Over the past few months, many users have noticed lag or delays while traversing scratch. This was caused by the client constantly trying to connect over the OmniPath network, even when nodes did not have OmniPath connectivity. This issue has been resolved by forcing the client to maintain connections over the existing network. Users should see improved performance when traversing and accessing scratch.

RDMA connections have also been enabled for scratch, which should further improve performance for users with RDMA-capable network interfaces. This was previously disabled due to a bug in the BeeGFS client disabling RDMA when IPv6 was disabled, which is the case on Phoenix.

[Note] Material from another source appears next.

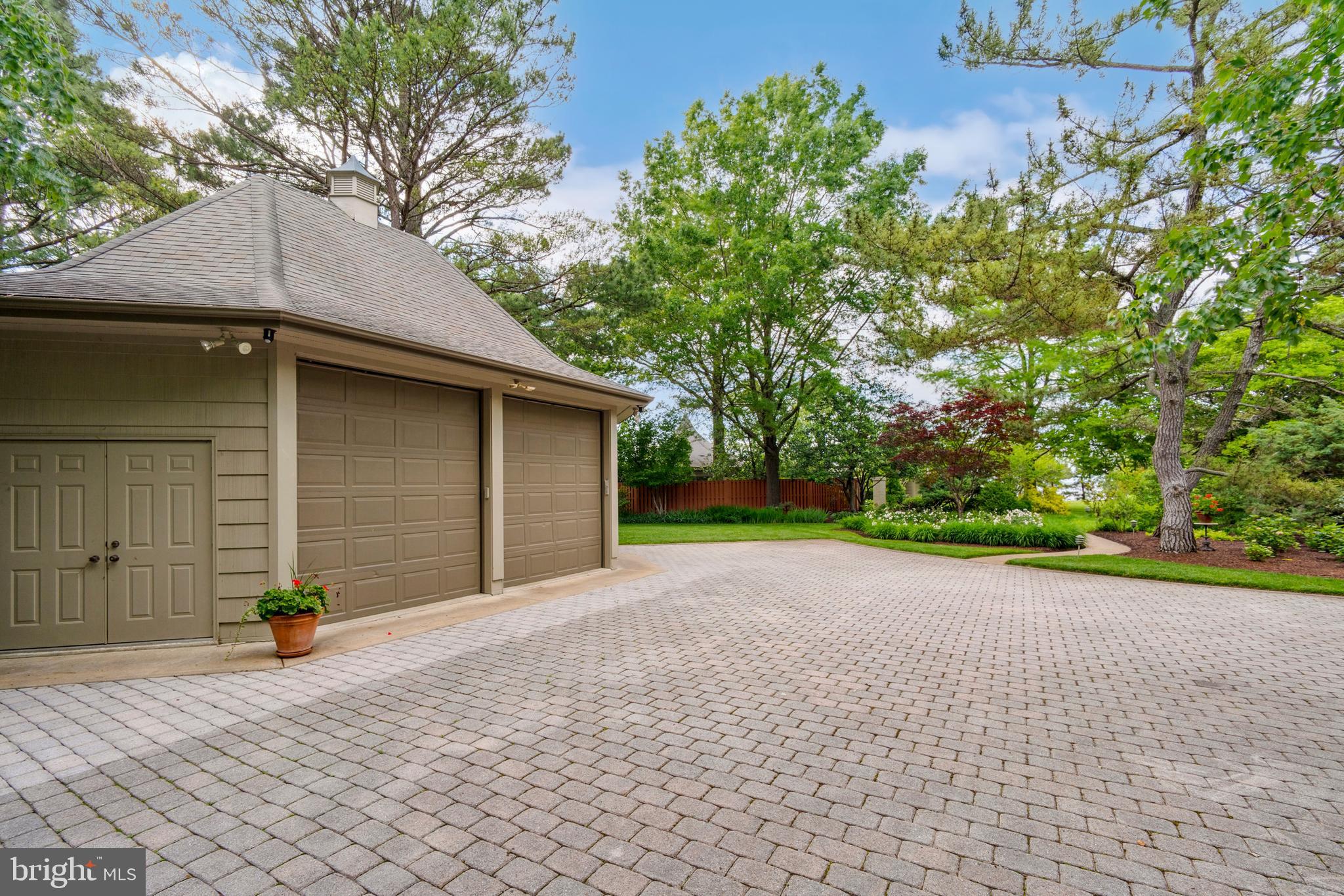 MARTINGHAM INN - Residential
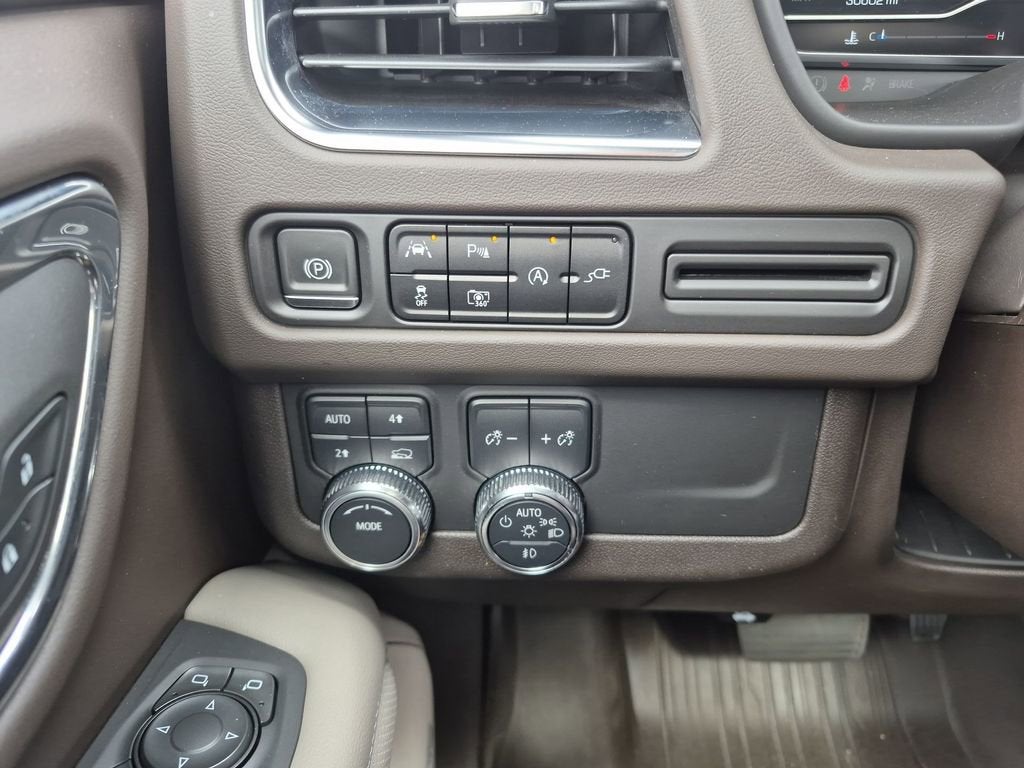 2022 GMC Yukon SLT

We have also applied a custom patch to the BeeGFS client to properly update to relatime (relative access timestamps), which should resolve issues with files appearing to have incorrect timestamps when accessed from Phoenix. Relative access time will update a file's access time on any read or write operation if the previous access time is older than the modification time, or older than 24 hours. Testing has shown that this does not affect the performance of scratch and provides more accurate access times for files on scratch data, which is important for the accuracy of the scratch data retention policy. This patch will be applied to Sol at the next maintenance window.

Scratch Benchmarking

The IO500 benchmarks, a widely used benchmark for evaluating the performance of storage systems in high-performance computing environments, have been run on Phoenix's scratch filesystem to evaluate the performance improvements from the recent updates. The results show that Phoenix's scratch filesystem is capable of delivering high performance for a variety of workloads, including small file access, large file access, and metadata operations. The results even outperform Sol's scratch filesystem in some tests, which is impressive given that Sol's scratch is running on newer hardware.

Benchmark Results:

Test NameSol (March 2023)Phoenix (March 2026)
ior-easy-write12.49 GiB/s22.15 GiB/s
ior-hard-write1.03 GiB/s0.54 GiB/s
ior-easy-read17.15 GiB/s27.31 GiB/s
ior-hard-read1.69 GiB/s2.28 GiB/s
find1433.96 kIOPS1994.09 kIOPS
mdtest-easy-write86.99 kIOPS130.48 kIOPS
mdtest-hard-write8.63 kIOPS7.36 kIOPS
mdtest-easy-stat333.97 kIOPS961.19 kIOPS
mdtest-hard-stat86.93 kIOPS236.19 kIOPS
mdtest-easy-delete58.25 kIOPS129.70 kIOPS
mdtest-hard-delete10.21 kIOPS10.37 kIOPS
mdtest-hard-read11.38 kIOPS20.12 kIOPS
Overall Bandwidth4.40 GiB/s5.23 GiB/s
Overall IOPS61.76 kIOPS102.06 kIOPS
Overall Score16.4823.09

Nvidia GPU Updates

The NVIDIA GPU driver has been updated to 595.45.04 supporting CUDA 13.2. However, NVIDIA has removed support for the Tesla V100 and GTX 1080 Ti GPUs in their latest driver releases. As a result, the V100/GTX 1080 Ti GPUs on Phoenix are currently running on an older driver version (580.95.05) that supports CUDA 13.0.

Technical Updates

  • Slurm updated to 25.11.3
  • Web portals updated to 4.0.10 on Phoenix.
  • Mamba package manager updated to 2.5.0 on Phoenix.
  • Jupyter updated on Phoenix.
  • Obsolete VASP modules removed to clean up module list
  • General security updates applied to all systems
  • InfiniBand cards installed in pcg085-pcg088
  • Home directories are now statically mounted on Phoenix, improving reliability (/data directories are still dynamically mounted on demand)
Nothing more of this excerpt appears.